Given information:
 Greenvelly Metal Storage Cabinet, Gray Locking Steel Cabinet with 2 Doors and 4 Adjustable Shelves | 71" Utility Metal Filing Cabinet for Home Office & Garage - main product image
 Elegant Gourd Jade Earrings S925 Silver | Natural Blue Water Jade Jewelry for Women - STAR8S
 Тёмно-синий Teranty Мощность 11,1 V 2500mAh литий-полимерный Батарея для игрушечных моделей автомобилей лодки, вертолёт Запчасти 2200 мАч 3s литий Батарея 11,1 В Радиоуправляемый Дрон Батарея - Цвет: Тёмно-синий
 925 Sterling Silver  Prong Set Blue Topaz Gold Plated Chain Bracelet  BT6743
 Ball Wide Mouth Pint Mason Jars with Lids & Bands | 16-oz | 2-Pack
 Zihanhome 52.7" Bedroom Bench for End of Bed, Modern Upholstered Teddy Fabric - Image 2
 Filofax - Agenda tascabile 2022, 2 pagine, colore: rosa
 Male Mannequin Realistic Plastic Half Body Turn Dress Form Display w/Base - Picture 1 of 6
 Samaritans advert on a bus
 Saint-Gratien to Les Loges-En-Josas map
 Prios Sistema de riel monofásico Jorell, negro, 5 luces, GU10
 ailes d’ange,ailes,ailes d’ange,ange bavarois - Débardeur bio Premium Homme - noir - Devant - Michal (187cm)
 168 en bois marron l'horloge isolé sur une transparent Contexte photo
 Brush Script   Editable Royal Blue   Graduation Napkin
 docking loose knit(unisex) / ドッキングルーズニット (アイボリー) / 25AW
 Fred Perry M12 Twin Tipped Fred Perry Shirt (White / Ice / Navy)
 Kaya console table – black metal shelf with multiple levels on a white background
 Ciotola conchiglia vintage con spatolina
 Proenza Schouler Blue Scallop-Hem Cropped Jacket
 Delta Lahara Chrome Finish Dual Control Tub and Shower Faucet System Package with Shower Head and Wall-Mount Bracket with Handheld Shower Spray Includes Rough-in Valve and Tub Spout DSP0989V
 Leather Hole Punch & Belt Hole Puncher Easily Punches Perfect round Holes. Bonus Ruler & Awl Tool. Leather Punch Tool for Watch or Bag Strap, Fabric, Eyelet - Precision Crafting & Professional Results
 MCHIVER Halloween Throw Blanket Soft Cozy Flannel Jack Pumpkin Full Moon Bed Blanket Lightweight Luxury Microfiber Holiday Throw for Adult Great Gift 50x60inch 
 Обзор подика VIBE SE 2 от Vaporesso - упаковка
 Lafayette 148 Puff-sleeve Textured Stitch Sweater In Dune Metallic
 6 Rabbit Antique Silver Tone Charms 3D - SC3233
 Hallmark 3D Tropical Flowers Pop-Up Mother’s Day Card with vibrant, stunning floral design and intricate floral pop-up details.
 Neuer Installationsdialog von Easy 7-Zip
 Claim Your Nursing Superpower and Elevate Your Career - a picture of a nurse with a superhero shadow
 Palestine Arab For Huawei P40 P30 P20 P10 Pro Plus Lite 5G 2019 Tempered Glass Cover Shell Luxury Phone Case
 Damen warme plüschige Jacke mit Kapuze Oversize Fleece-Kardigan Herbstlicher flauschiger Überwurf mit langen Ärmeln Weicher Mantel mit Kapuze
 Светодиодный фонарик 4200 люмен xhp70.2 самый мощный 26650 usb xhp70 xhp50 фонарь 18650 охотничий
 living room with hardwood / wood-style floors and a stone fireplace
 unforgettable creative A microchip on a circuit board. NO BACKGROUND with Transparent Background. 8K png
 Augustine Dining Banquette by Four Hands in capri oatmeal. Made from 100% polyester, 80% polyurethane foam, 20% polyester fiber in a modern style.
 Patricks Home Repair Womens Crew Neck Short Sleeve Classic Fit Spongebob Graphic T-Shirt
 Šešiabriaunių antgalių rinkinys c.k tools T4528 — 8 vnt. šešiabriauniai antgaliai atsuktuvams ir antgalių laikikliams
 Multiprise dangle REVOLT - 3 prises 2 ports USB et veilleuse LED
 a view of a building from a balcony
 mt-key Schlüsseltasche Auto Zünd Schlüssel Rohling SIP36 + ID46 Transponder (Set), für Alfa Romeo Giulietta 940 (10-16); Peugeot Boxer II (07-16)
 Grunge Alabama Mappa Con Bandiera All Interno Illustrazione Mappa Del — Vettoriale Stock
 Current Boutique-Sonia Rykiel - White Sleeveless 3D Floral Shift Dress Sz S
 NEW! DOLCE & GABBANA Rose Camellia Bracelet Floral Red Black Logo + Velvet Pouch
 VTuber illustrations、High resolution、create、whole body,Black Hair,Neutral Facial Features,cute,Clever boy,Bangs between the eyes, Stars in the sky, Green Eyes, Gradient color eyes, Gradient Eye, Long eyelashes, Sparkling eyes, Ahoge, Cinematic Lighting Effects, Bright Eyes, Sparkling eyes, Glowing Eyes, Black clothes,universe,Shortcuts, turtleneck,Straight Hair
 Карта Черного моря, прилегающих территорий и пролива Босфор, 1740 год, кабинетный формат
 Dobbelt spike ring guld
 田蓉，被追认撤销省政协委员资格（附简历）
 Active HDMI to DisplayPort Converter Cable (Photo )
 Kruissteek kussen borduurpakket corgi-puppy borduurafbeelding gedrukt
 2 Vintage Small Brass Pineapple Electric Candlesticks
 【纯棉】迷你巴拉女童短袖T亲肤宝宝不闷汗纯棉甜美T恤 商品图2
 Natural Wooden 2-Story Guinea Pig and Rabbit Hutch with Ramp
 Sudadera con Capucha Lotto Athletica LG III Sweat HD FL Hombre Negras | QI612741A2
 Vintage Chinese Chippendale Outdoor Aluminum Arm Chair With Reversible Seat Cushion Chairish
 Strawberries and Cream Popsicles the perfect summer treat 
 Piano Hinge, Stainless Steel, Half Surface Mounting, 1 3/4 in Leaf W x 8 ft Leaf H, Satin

Directions:
Among the lines of the preceding listing, tally those that include "Natural"; reply with the number alone.

Result for this exercise:
2